Table 2. Evaluation of dynamic adaptation on 20 hardest instances of QAPLIB.

5.2 Evaluation on Harder Instances

We evaluated DPA-QAP on two more sets of instances, artificially crafted to be very difficult for metaheuristics: the dreXX instances proposed by Drezner [15] and the InstXX instances by Palubeckis [34]. These problems are generated with a known optimum. For this test we used the same machine and configuration as for QAPLIB (30 cores and a time limit of 5 min with 30 repetitions).

Table 3 presents the results for Drezner’s instances. We have omitted small instances which are systematically solved by both solvers in less than 15 s. We start with dre42 which is solved by both solvers at each replication; even on this case DPA-QAP is much faster than BASE-QAP: 34 s vs. 61 s. In all instances, DPA-QAP outperforms BASE-QAP. As a whole, DPA-QAP reaches more BKS (60 vs. 38) and, when the optimum is not reached, solutions provided by DPA-QAP are of much better quality than BASE-QAP as shown by the APDs (23.558 vs. 32.408), and it does so in a shorter period of time.

Table 3. Evaluation on Drezner instances.
Table 4. Evaluation on Palubeckis’ instances.

Table 4 presents the results for Palubeckis’ instances. As in the previous case, we did not include small instances which are systematically solved by both solvers in less than 15 s. Here again, DPA-QAP performs better than BASE-QAP on all instances of the benchmark. As for Drezner’s instances, the time limit of 5 min appears too short to solve large instances.
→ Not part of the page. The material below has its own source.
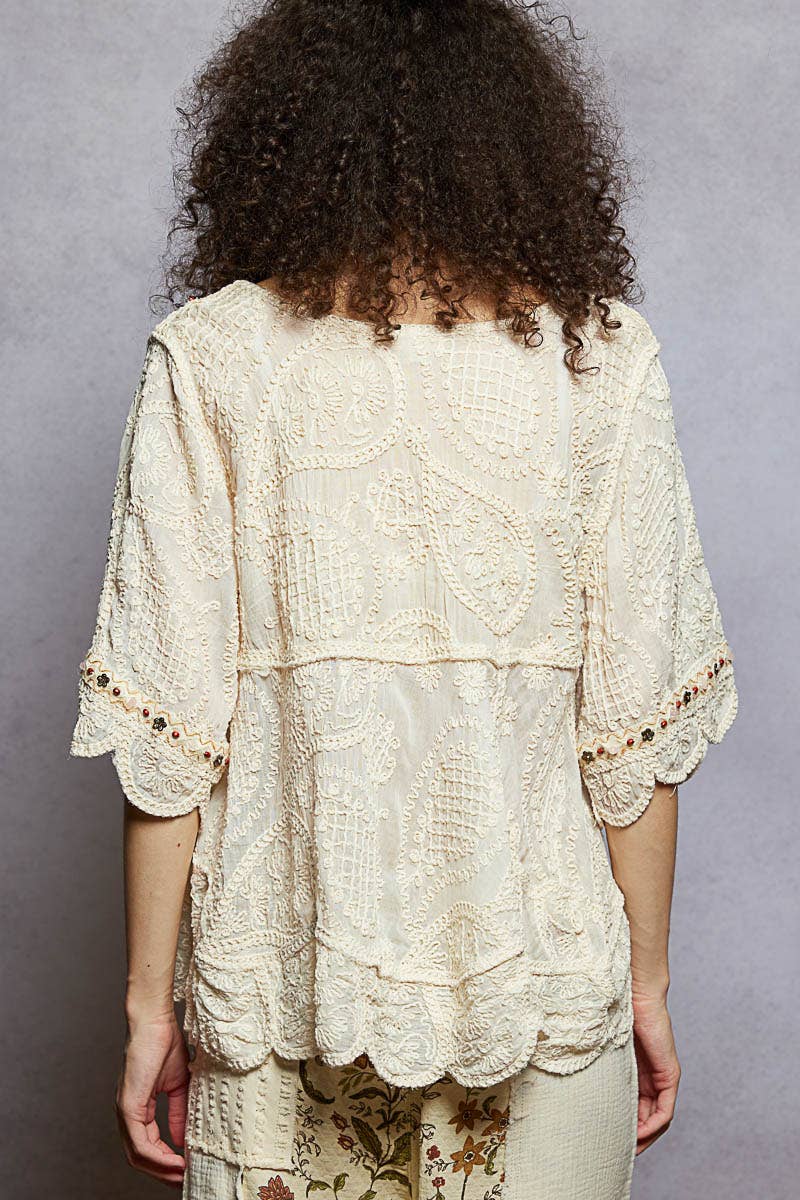 Pol Clothing - Short Sleeve Adjustable Drawstring Crochet V Neck Top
However, DPA-QAP does find more BKS (83 vs. 60) and dynamic parameter adaptation makes it possible to improve the quality of solutions wrt. BASE-QAP as shown by the APDs (0.147 vs. 0.157).
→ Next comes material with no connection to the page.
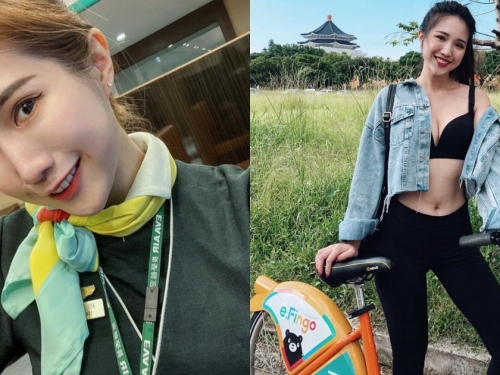 氣質型「正妹空姐」Betty辣穿內衣騎Ubike，性感美胸和馬甲線一起露出！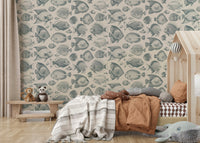 Unique fish design wallpaper in teal and sand tones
6 Conclusions and Future Work

We have proposed a dynamic parameter adaptation scheme for parallel and hybrid solvers based on metaheuristics to solve the QAP. The basic principle of this approach is to have a master node which periodically collects the progress of each metaheuristic. This node has a global view of the overall search progress, therefore it can provide each metaheuristic with new parameter values in order to increase its effectiveness. We proposed DPA-QAP: an implementation of this architecture in Java, embedding three well-known metaheuristics: Robust Tabu Search, Extremal Optimization and Multistart Local Search. The first experiments performed on very difficult instances of QAP validate our approach by significantly improving solution quality.
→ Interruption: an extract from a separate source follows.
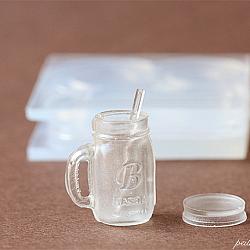 Dollhouse Miniature Mason Jar Cap and Straw Silicone Mold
We plan to extend this work in several directions. First, we will experiment on machines with more cores and with time limits greater than the 5 minutes cap which was allowed in this work. We will also try to determine the best settings for parameter reporting and adjustment: in this experiment we used a constant interval which needs to be refined. Another line of potential experiments consists in including efficient metaheuristics, such as Ant Colony Optimization [18]; or embedding population-based methods, e.g. genetic algorithms. Finally, we plan to address larger instances of the QAP as well as other difficult problems. As an outcome, we aim to design and propose a general framework for self-adaptation able to address a wide variety of combinatorial search and optimization problems.